=== Records for this exercise ===
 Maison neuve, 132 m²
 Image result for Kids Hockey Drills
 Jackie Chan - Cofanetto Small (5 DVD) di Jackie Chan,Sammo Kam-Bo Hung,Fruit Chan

---

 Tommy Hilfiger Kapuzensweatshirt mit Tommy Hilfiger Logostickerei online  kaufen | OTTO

---

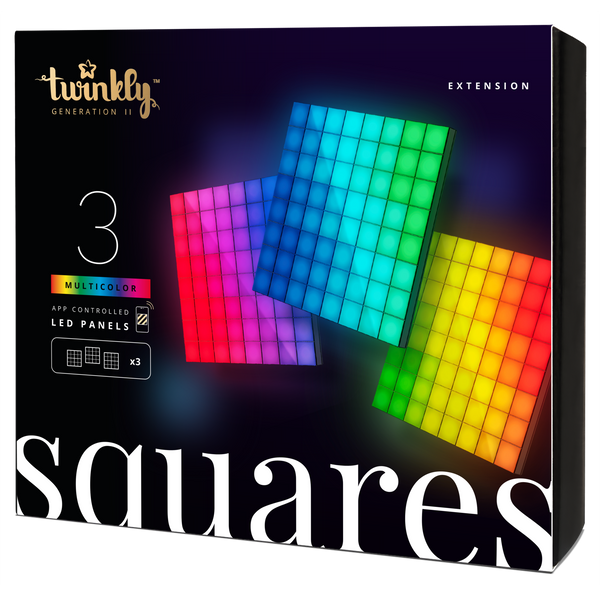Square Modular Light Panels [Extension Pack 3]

=== What the task requires ===
Retype exactly the lines of the data above that fall between the line with "Maison neuve, 132 m²" and the line with "Jackie Chan - Cofanetto", inclusive, and add nothing.

=== Written response ===
 Maison neuve, 132 m²
 Image result for Kids Hockey Drills
 Jackie Chan - Cofanetto Small (5 DVD) di Jackie Chan,Sammo Kam-Bo Hung,Fruit Chan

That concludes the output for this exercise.